Em parceria com a equipe de Ana Maria Segall Corrêa, da Universidade Estadual de Campinas (Unicamp), Marina Rea analisou a quantidade de calorias ingeridas por 118 crianças com menos de 1 ano sob quatro regimes de alimentação: o primeiro grupo recebeu só leite materno; o segundo tomava leite materno, água e chás; o terceiro bebia leite materno, outros tipos de leite, água, chás, sucos e alimentos sólidos; e o quarto consumia apenas outros tipos de leite, água, chás, sucos e outros alimentos. Constataram que apenas os bebês alimentados exclusivamente com leite materno recebiam a quantidade de calorias preconizada pela OMS para os países em desenvolvimento. Os demais ingeriam de 30% a 50% mais calorias que o indicado, aumentando o risco de desenvolver obesidade e doenças crônico-degenerativas ao longo da vida.

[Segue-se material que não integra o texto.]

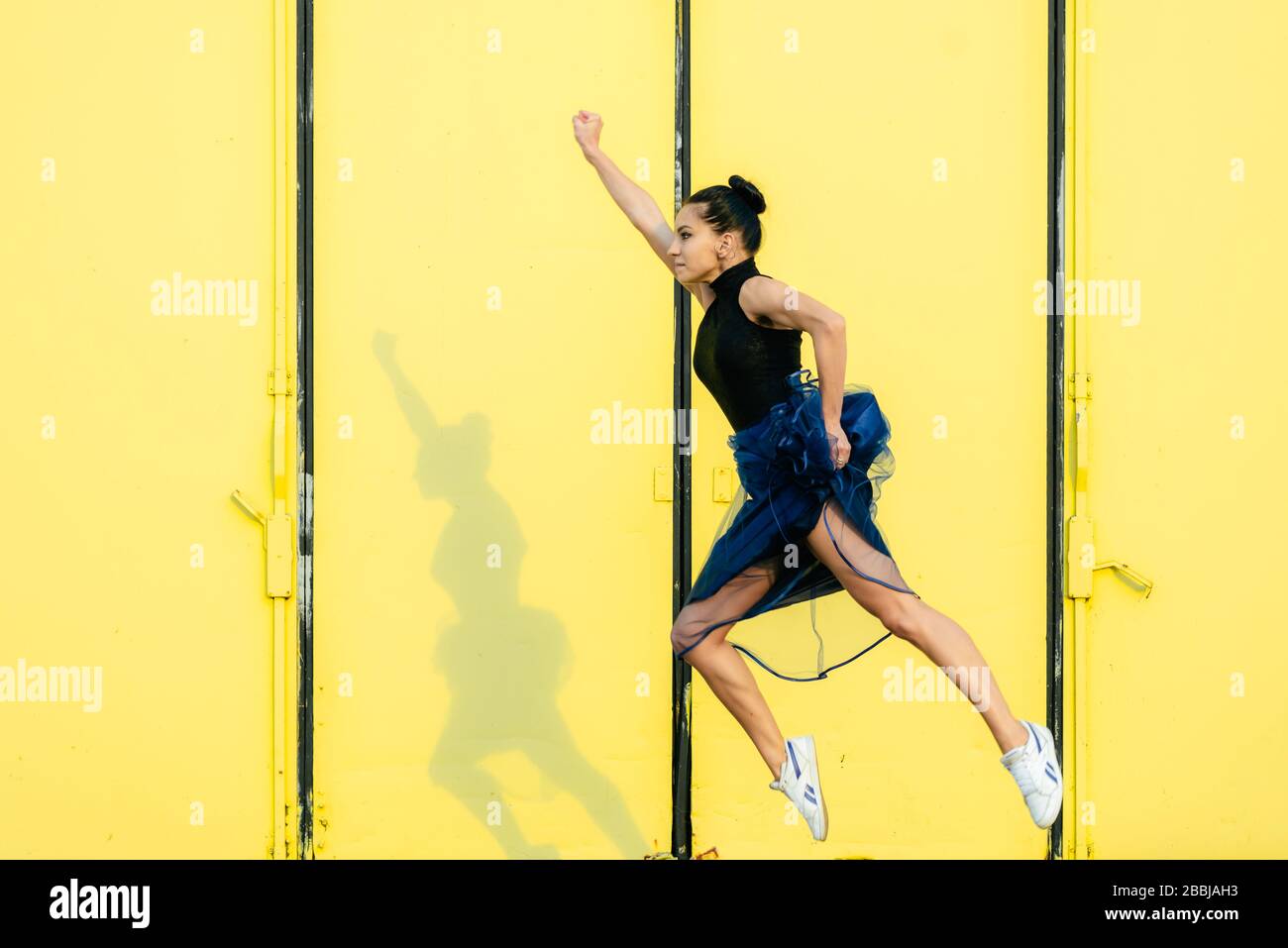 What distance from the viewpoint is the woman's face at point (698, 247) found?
158 inches

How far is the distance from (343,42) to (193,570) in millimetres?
1855

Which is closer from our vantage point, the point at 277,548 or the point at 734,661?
the point at 734,661

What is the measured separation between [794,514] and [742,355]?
46 cm

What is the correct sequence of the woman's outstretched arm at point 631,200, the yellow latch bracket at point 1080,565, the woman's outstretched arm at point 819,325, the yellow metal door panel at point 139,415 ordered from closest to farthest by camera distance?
the woman's outstretched arm at point 819,325, the woman's outstretched arm at point 631,200, the yellow metal door panel at point 139,415, the yellow latch bracket at point 1080,565

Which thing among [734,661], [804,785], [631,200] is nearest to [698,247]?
[631,200]

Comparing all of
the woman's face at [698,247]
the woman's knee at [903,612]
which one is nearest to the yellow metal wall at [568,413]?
the woman's face at [698,247]

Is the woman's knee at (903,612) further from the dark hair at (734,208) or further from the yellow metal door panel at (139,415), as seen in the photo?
the yellow metal door panel at (139,415)

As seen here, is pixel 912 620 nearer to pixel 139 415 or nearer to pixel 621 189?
pixel 621 189

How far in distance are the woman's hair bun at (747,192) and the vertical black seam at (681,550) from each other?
84 cm

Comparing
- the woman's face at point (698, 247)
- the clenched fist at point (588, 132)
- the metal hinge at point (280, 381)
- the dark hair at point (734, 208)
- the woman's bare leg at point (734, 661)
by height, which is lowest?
the woman's bare leg at point (734, 661)

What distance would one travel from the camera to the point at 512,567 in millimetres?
4922

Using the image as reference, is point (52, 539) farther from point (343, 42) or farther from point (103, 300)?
point (343, 42)

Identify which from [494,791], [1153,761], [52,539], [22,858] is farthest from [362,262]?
[1153,761]

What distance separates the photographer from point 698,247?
4.02 m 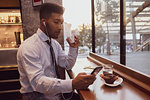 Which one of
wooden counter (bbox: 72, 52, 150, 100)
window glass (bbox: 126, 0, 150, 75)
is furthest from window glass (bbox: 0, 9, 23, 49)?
wooden counter (bbox: 72, 52, 150, 100)

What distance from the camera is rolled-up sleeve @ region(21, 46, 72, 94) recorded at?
38.7 inches

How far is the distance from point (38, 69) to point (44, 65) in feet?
0.64

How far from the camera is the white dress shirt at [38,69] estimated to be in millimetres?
990

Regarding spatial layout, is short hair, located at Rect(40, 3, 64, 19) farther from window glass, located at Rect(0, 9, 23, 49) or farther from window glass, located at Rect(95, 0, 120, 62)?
window glass, located at Rect(0, 9, 23, 49)

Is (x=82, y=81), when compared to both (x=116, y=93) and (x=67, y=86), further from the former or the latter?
(x=116, y=93)

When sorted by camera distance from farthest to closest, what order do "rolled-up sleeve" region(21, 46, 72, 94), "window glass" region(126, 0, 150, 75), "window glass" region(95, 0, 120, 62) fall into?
"window glass" region(95, 0, 120, 62) < "window glass" region(126, 0, 150, 75) < "rolled-up sleeve" region(21, 46, 72, 94)

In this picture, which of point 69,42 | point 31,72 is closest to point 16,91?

Esse perfil de consumo de calorias é provavelmente o responsável pela diferença de crescimento entre as crianças que recebem apenas leite materno até o sexto mês de idade e as alimentadas com leite em pó desde o nascimento. Victora constatou que entre as crianças nascidas em Pelotas, em 1993, as que tomaram apenas leite materno cresceram e ganharam peso mais rapidamente até por volta do terceiro mês. A partir daí, passam a se desenvolver com menor velocidade, ainda que saudáveis.

Como esse padrão de crescimento é diferente do daquelas crianças que tomam mamadeira, até bem pouco tempo atrás se acreditava que o leite materno fosse insuficiente para o desenvolvimento do recém-nascido – hoje, diferentemente, se acredita que os bebês que tomam mamadeira crescem mais rápido porque consomem mais calorias que o recomendado. Atualmente Victora trabalha na produção de uma nova curva do crescimento infantil que deve ser divulgada este ano pela OMS e se tornar um novo padrão para pediatras do mundo todo.

O crescimento inicial mais lento proporcionado pelo leite materno não inviabiliza, porém, sua indicação para os recém-nascidos, até mesmo os prematuros. Não se sabe a razão, mas a composição do leite materno parece produzir efeitos benéficos sobre o desenvolvimento que duram a vida toda. Recentemente a equipe de Victora comparou o rendimento escolar de 6 mil crianças nascidas em Pelotas em 1982 – cerca de 60% delas haviam sido alimentadas com leite materno e 30% com mamadeira. Divulgados em novembro na Acta Pediatrica, os resultados mostram que quem só recebeu leite materno até os 6 meses de idade chegou aos 18 anos com quase um ano a mais de estudo do que os outros adolescentes, independentemente do nível socioeconômico da família ou do grau de escolaridade dos pais.